Ich hatte gedacht die Lichtung wäre leer, doch als ich aus den Büschen hervor kam starrten mich zwei blaue Augen an. Ein wunderschönes weißes Pferd hatte bei den Geräuschen, die wir gemacht hatten seinen Blick wachsam uns zugewandt.
„Seltsam," hörte ich es neben mir sagen,,, ich dachte Pferde würden frei nur in Herden vorkommen"
Plötzlich rannte das Pferd in einer affengeschwindigkeit auf uns zu. Kur bevor es uns erreichte, stoppte es jedoch und stieg in die Höhe. Ich glaubte meinen Augen nicht, als die Pferdegestalt völlig nahtlos in die eines Menschen wechselte. Eines nackten Mädchens um genau zu sein. Mit einem wunderschönen Gesicht und einem perfekten Körper. Ihr Kopf war leicht zur Seite geneigt während sie mit ihren großen Augen und betrachtete.
„W-wir k-kommen m-mit g-g-g-g" Jared. Ich hätte gleich wissen müssen, dass er seine Klappe nicht halten kann.
„Ihr seit Menschen. Ich habe seit Jahrhunderten keinen mehr gesehen. Was führt euch her?" Unterbrach das Mädchen zu meiner Überraschung Jared's stottern.
„Wir sind im Auftrag der königlichen Familie hier und sollen erkunden, ob das schrecklich Monster, von dem seit Jahrhunderten erzählt wird immer noch hier haust." Das war nur die halbe Wahrheit.

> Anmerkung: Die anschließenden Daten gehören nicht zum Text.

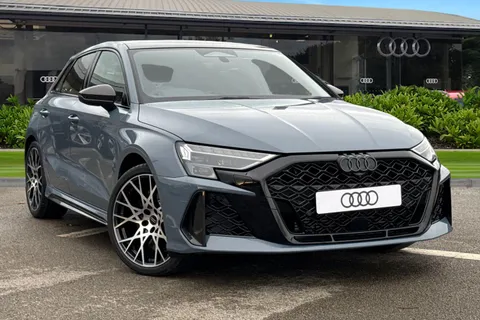  Audi RS 3 2.5 TFSI Carbon Vorsprung Sportback S Tronic quattro Euro 6 (s/s) 5dr Thumbnail #1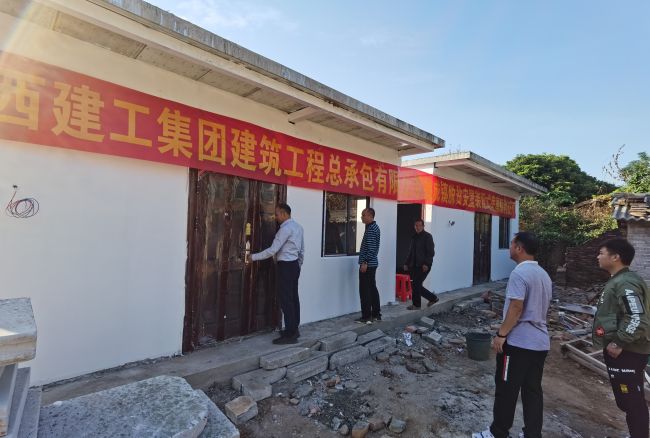 调研组调查现场1。林磊 摄.jpg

Sie musste ja nicht alles wissen. Ganz zu schweigen von der Frage, ob sie das überhaupt verstehen würde.
„Hier ist kein Monster. Niemand hält euch auf, wenn ihr dem Wald betreten wollt, es ist ein Ort für alle. Der Wald kann jedem helfen, der Hilfe sucht. Das wahre Monster ist der der sich das ausgedacht hat; kein Wunder das mich so lange niemand mehr zu Besuch kam."
Mit einem Schulterzucken drehte sie sich um und lief von uns weg. Mist. „ Namoa!" Sie stoppte und drehte sich um. „Woher kennst du meinen Namen?" Ich schaute genauso verwirrt zu Jared. Dieser zuckte mit den Schulter „beim lesen aufgeschnappt". Dann rief er laut: „ Ich soll dich von Paulud grüßen" Aus heiterem Himmel zog er eine Waffe und schoss auf die Gestaltwandlerin. Mit vor Schreck geweiteten Augen fiel sie zu Boden und verharrte da nach wenigen Minuten bewegungslos.

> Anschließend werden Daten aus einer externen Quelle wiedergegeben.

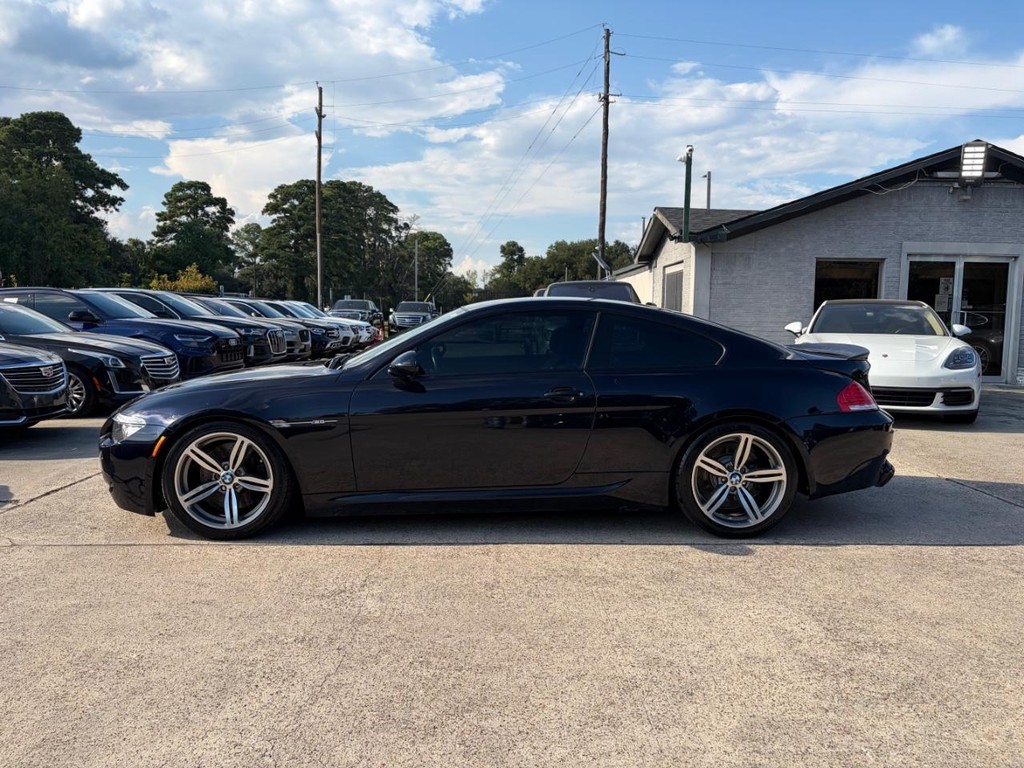 BMW M6 Vehicle Full-screen Gallery Image 09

„Was sollte das bitte!" schrie ich ihn an. „Geh mir aus den Augen, verschwinde!" das hatte ich nun wirklich nicht erwartet und im Vergleich zu seien kleinen nervigen Angewohnheiten konnte ich dies nicht tolerieren.
Still verschwand Jared im Wald. Er hatte alles zerstört. Alles. Ich wollte dieses Wesen gerne kennenlernen. Doch er hat es verdorben. Da drang ein leises Wimmern vom anderen Ende der Lichtung an mein Ohr. Ich folgte dem Geräusch und fand zu meinem Erstaunen ein kleines Fohlen, dass sich, als es mich erblickte in ein Menschen Baby verwandelte. Es war eindeutig: die Gestaltwandlerin hatte eine Tochter gehabt. Sie lag hier direkt vor meinen Augen. Mein Körper bewegte sich schneller, als ich denken konnte, als ich zu ihm lief und es hochhob. Als ich in ihre großen Augen war klar, dass ich sie nun mitnehmen uns großziehen würde. Einen Namen hatte ich auch schon: Namoa, zu Ehren ihrer Mutter.